Introduction: Diabetic nephropathy (DN) is a long-term complication that occurs in ∼40% of diabetes patients and is a leading cause of end-stage renal disease. In a newly established mouse model of progressive DN, we investigated the effects of hypertension on kidney injury. Methods: Female db/db mice were uninephrectomized (UNx) at 8 weeks of age and injected i.v. with a Renin adeno-associated virus (AAV) construct at different doses to induce hypertension, while a LacZAAV construct was used as negative control. Sham-operated db/+ mice served as healthy controls. Blood pressure and glomerular filtration rate (GFR) was measured at 22 weeks of age, while urine albumin to creatinine ratio (ACR) was measured before termination and kidney tissue sampling 24 weeks of age. Results: GFR measurements indicated hyperfiltration in all AAV-injected UNx db/db mice compared to db/+ mice, while ReninAAV tended to dose-dependently decrease GFR compared to LacZAAV in UNx db/db mice.
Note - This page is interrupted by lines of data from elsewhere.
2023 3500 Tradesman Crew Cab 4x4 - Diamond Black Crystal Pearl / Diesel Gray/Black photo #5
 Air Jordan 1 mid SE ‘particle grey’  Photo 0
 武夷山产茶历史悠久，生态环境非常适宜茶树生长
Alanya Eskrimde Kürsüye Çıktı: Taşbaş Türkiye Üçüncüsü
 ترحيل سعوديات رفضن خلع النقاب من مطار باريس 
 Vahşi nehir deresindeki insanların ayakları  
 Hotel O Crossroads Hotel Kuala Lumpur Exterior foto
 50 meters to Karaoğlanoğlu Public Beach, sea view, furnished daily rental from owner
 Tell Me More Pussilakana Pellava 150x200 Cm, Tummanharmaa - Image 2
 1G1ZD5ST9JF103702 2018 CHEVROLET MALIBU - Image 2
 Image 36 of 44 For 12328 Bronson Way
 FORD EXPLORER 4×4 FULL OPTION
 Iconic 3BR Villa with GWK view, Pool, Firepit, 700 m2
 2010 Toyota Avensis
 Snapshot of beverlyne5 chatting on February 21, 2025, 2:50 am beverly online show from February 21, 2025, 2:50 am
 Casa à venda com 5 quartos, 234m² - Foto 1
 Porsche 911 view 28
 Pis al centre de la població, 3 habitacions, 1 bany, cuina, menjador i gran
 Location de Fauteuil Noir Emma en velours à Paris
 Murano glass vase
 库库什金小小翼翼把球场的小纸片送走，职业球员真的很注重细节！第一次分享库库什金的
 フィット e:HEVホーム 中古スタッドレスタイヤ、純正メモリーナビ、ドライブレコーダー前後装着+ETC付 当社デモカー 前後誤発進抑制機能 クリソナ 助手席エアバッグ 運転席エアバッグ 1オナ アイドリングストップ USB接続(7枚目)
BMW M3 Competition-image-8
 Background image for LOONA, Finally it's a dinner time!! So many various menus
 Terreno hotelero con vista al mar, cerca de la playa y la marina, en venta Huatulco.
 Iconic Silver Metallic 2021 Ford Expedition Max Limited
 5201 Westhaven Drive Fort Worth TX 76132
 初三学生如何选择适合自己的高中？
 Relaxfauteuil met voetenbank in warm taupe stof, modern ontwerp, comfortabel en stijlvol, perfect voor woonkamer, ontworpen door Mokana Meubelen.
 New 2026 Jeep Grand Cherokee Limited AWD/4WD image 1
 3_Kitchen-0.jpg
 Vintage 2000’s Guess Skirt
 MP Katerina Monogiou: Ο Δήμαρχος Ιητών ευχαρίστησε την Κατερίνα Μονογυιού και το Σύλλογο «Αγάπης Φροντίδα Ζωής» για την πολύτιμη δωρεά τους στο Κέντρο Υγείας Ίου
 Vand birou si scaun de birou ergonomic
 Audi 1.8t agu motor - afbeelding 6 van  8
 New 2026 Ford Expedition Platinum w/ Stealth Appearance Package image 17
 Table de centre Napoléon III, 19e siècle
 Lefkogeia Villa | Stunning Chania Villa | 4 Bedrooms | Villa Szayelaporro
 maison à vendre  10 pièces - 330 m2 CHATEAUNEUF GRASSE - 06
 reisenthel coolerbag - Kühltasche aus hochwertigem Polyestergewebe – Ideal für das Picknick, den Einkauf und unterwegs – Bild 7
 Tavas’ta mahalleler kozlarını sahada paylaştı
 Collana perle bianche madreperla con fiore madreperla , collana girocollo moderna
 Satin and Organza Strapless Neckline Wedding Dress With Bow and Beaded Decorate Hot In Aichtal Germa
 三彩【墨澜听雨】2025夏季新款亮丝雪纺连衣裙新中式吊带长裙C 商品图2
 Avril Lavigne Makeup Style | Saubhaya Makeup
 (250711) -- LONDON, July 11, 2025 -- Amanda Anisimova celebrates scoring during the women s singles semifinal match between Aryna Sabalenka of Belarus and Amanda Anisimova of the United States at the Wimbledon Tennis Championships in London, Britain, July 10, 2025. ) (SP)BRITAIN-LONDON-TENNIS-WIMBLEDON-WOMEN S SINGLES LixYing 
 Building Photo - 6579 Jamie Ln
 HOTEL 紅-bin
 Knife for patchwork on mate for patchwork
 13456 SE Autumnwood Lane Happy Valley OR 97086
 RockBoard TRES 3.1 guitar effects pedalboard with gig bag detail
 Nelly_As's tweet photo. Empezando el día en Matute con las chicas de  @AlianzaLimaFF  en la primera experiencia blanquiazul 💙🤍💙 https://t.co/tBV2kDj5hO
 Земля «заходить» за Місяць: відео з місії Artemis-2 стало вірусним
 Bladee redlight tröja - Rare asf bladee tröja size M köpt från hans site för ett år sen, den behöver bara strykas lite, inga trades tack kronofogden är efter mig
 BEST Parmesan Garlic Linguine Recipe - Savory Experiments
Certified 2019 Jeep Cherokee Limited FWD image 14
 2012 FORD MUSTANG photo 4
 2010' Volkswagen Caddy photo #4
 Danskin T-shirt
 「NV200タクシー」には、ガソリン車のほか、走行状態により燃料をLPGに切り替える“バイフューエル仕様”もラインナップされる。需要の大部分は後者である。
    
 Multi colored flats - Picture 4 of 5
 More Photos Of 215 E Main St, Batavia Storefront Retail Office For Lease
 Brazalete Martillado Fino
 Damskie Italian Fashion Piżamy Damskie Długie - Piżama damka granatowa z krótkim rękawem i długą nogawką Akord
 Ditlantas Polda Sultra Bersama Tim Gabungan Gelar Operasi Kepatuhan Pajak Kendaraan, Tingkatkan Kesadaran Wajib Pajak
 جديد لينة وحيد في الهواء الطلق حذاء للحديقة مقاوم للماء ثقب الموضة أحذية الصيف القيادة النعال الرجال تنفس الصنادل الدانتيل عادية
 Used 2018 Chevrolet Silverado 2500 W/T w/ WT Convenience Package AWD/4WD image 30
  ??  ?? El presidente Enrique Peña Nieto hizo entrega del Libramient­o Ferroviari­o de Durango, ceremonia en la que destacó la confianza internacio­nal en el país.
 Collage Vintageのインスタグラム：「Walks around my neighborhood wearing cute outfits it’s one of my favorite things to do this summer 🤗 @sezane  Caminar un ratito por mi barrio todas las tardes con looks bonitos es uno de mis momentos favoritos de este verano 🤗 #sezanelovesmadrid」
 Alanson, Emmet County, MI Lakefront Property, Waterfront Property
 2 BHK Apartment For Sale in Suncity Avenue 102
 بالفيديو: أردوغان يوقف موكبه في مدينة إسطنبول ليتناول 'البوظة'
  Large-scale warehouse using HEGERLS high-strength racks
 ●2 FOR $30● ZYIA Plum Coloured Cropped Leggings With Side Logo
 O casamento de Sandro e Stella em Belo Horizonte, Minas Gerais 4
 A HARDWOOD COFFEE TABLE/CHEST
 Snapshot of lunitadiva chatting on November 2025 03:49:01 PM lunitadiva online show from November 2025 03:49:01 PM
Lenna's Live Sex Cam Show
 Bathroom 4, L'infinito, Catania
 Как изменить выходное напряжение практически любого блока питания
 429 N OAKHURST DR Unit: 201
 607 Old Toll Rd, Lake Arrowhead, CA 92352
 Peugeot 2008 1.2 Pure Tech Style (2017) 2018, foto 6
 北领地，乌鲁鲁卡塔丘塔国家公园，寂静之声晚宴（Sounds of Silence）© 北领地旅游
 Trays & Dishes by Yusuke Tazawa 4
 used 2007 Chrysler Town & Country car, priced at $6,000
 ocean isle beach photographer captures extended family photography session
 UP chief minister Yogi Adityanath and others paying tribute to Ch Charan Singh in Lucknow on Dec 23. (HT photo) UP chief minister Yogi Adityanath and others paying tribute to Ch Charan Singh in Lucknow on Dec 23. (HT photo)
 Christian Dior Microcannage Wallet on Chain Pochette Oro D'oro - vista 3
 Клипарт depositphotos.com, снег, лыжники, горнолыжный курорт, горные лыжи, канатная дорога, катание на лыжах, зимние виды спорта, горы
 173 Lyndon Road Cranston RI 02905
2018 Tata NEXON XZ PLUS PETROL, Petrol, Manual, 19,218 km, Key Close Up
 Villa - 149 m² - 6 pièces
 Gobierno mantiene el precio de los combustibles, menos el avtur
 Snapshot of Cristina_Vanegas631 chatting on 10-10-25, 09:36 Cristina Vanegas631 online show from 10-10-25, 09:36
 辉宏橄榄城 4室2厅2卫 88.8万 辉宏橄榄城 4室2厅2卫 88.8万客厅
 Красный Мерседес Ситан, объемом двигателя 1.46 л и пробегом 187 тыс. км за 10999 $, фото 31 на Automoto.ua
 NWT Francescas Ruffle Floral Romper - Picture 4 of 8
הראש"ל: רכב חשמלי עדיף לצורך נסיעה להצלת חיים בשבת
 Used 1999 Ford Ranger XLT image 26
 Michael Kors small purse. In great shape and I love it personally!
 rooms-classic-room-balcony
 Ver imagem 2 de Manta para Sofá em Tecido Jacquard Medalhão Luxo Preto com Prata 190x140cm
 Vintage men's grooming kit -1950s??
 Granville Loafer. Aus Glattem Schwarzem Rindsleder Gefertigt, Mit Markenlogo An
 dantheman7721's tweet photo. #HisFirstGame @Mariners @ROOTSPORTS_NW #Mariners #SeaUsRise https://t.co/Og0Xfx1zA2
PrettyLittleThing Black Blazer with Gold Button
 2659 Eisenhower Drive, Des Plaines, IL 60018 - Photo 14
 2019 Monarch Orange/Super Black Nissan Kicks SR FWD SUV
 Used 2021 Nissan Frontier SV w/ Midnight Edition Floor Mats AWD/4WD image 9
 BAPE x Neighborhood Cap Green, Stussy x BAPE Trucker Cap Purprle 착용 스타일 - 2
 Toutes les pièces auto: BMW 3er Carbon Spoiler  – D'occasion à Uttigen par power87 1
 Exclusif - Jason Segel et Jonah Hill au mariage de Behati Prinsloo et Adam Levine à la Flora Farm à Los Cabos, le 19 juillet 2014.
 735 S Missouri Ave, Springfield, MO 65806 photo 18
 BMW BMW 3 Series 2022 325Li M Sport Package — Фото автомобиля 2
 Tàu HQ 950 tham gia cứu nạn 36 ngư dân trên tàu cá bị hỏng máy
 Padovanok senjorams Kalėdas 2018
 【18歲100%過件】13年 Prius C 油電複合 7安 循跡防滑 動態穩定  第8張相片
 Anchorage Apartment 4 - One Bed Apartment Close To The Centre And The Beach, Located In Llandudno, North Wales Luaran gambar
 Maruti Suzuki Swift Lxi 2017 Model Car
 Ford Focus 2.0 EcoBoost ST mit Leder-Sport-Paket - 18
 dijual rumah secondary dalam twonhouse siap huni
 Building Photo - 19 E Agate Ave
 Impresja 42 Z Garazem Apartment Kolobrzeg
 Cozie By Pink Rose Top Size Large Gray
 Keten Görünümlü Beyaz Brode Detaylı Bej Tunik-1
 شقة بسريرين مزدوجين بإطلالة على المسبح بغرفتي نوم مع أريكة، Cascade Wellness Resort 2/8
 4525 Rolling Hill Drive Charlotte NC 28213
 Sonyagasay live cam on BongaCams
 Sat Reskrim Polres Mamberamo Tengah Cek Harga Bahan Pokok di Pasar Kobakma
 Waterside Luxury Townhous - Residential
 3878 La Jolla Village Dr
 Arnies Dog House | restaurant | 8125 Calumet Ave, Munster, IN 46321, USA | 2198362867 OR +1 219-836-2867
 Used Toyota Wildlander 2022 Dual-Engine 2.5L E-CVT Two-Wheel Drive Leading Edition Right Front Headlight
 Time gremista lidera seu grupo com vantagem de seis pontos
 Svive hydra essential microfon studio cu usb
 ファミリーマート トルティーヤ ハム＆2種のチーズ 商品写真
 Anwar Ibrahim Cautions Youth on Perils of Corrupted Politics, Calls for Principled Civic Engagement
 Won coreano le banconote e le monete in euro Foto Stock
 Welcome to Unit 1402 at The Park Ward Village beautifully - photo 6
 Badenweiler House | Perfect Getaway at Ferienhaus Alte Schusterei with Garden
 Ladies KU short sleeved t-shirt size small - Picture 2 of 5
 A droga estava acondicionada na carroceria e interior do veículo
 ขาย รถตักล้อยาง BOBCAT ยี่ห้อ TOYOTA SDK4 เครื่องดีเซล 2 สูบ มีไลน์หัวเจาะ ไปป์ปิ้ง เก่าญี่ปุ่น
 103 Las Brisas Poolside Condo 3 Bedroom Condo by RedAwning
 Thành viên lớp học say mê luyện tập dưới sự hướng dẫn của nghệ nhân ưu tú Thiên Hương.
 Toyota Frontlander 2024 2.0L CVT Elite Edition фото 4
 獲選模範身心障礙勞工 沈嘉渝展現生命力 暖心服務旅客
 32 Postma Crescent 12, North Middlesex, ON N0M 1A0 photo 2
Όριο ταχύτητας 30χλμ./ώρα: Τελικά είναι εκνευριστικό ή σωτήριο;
Urine ACR was worsened by ReninAAV-induced hypertension compared to LacZAAV controls. 3D kidney imaging demonstrated increased glomerular volume in LacZAAV UNx db/db mice compared to db/+ mice with no further effect in ReninAAV groups. Automized AI-based glomerulosclerosis scoring showed ReninAAV dose-dependent increases in glomerulosclerosis compared to LacZAAV controls. RNA sequencing revealed upregulated gene expression markers of kidney fibrogenesis (Col1a1, Col4,Fn1) and tubular injury (Ngal and Kim-1), as well as downregulation of proximal tubular markers (Megalin,Aqp1) in ReninAAV UNx db/db mice compared to LacZAAV controls. Conclusion: ReninAAV-induced hypertension in female UNx db/db mice aggravates albuminuria and glomerulosclerosis paralleled by increased expression of genes associated with tubular injury renal fibrosis, thus confirming that ReninAAV UNx db/db mice is a reliable model of DN with features of late stage human disease. Disclosure M.V. Ostergaard: None. I.R. Sorensen: None. A.A. Pedersen: None. T. Secher: Employee; Self; Gubra. Employee; Spouse/Partner; Novo Nordisk A/S. Stock/Shareholder; Self; Gubra. Stock/Shareholder; Spouse/Partner; Novo Nordisk A/S. F.E. Sembach: Employee; Self; Gubra. M.R. Madsen: None. K. Fosgerau: None. L.N. Fink: Employee; Self; Gubra. Stock/Shareholder; Self; Novo Nordisk A/S. N. Vrang: Board Member; Self; Gubra. Employee; Self; Gubra. Stock/Shareholder; Self; Gubra.